Today is the day my life starts over. I’m 42, fat, disabled, and pissed off! I can’t change my age or my disability so let’s see what I can do about fat and pissed off. The only god thing in my life is my wife Patty. We have been together for 22 years now and we have grown up and out together. She’ll kill me for this but the truth is we got fat together over the last 22 years. At this point it just has to stop!
Today I am 42, 6’2″ and 289 pounds. Yikes! How did my weight get this far out of control? I like to try and tell myself it’s because I can’t really walk (bad leg) and sit in front of a computer 10 hours a day. I think it’s time to admit I eat too much. I mainly eat the wrong foods. You should never eat cheese for breakfast! I mean cream cheese on a bagel maybe….. but then that is not what I meant. I make bad choices but as I just looked in my fridge I could not see one thing that would be a good choice.
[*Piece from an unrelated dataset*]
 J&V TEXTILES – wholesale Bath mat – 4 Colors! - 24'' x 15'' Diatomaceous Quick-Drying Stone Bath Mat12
I’m not sure what a good choice is to be honest….
I love to cook and I’m pretty good at it. I eat food that tastes good because it makes me happy. Little in my life lately makes me happy right now. I quit smoking a year ago to try to make my life better. I don’t feel one bit better. I’m just pissed off all the time now. Cigarettes used to calm me down. They are great at that. What it really is, you jsut get a timeout while you’re smoking. It’s just 7 minutes of peace and quiet. Now I don’t have that happy time so I’m just pissed off a lot. Still, I’ll stay quit this time. Logic tells me this is for the best. It was pretty easy to quit too. I just quit… no patch, no gum and BS. I just wanted to so I did. I smoked for 25 years too. If you want it bad enough you can make it happen. Now I want something else. To be happy again…
So, this whole I’m pissed off thing keeps coming up a lot. I think I’m mad because my life is not exactly how I thought it would be at this point. I’m always broke, never go out or have any fun, I’m in constant pain and we live in the same crappy apartment for the past 18 years. The fact I’m fat is just the icing on the cake but it’s the one thing I can control so that’s where I’m going to start. I quit smoking by simply wanting to so I should be able to lose weight the same way, right? Wrong… For that all I had to do was not pick up a cigarette. I can’t just not eat to lose weight. I have to eat the right foods and in the right amounts. That will take some new thinking on my part. I’m not sure how to do that yet.